I turn now to considering the prolongation of life by attempting to lengthen the lifespan or by the use of medical engineering. Because he was a deeply religious man, I think it specially significant that Frnacis Bacon in his Valerius Terminus describes the true purpose of science as the discovery of all operations and possibilities of operations from immortality (if it were possible) to the humblest mechanical practice.

Today research on the lengthening of the lifespan is looked down upon as irreverent and antisocial --- antisocial because such a procedure would compound the population problem and to some extent the problem of unemployment. The prolongation of life by something like ten to twenty-five per cent is beginning to be a serious possibility.

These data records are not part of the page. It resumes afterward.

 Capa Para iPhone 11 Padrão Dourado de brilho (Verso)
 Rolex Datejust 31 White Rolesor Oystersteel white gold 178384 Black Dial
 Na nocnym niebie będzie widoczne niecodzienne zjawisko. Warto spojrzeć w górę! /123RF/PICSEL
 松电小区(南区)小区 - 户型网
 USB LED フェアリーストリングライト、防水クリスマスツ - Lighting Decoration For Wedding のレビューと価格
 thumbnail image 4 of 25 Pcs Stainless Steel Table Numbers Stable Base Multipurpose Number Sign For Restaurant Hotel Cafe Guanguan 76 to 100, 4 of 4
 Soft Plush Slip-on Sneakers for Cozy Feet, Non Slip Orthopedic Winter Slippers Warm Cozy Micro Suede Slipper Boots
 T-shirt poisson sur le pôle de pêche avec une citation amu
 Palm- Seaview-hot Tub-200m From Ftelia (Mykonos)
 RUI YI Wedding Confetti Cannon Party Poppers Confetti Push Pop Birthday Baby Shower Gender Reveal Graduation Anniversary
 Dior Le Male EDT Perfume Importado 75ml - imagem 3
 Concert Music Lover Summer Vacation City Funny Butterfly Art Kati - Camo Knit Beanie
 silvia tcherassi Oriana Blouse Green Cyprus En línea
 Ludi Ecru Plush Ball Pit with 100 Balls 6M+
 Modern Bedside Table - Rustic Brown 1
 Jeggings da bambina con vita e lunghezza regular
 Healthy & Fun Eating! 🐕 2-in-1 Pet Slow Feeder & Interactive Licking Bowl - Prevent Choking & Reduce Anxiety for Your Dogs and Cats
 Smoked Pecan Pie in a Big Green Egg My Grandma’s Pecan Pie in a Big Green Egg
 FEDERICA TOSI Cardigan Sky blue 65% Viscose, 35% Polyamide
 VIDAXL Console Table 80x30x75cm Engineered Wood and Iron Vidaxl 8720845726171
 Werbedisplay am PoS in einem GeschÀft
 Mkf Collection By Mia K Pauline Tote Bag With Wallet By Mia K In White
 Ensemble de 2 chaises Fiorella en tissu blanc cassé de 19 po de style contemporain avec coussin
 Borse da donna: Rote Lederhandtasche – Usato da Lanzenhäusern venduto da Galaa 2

The life expectancy of mice can be increased by about a quarter by system administration of relatively high doses of industrial antioxidants such as 2-mercaptoethylamine. The interpretation is not yet qite certain for these antioxidants are somewhat toxic and they may prolong life by reducing food intake (a procedure already well known to lengthen life). But supposing they do not act this way; suppose we take the results at their face value. If it is true that systemic doses of reducing agents are beneficial this provides a theoretical foundation for the use, energetically advocated by Linus Pauling and Albert Szent-Gyorgy, of high doses of oral ascorbic acid (vitamin C).

The fear that it is undignified to attempt to prolong life in this way will not bear examinaiton. All medical treatment, even treatments as humble and simple as indigestion pills and plasters such as we apply to cuts --- all such treatemnts if they are effective at all are effective in a way which on an epidemiological scale can be measured by an increase of life expectancy, however minute it may be.

A more lively topic of current discussion is perhaps the use of medical engineering to try to save victims of physica or medical accidents from what would otherwise be certain death. By ``medical engineering'' I mean all the apparatus of intensive care, intravenous feeding, perhaps dialysis as a substitute for kidney function, blood transfusion if necessary, and the mechanical ventilation of the lungs. All this apparatus has been alleged to deprive death of its dignity: it is a ``prolongation of death,'' the critics say rather than a prolongation of life.

I disagree strongly with this view which is deeply unbiological: there is no more deep-seated biological insitnct than that which expresses itself as a firm grasp upon life, there is more dignity, as there is more hamnity, in fighting for life than in passive abdication from our most hardly won and most deeply prized possession.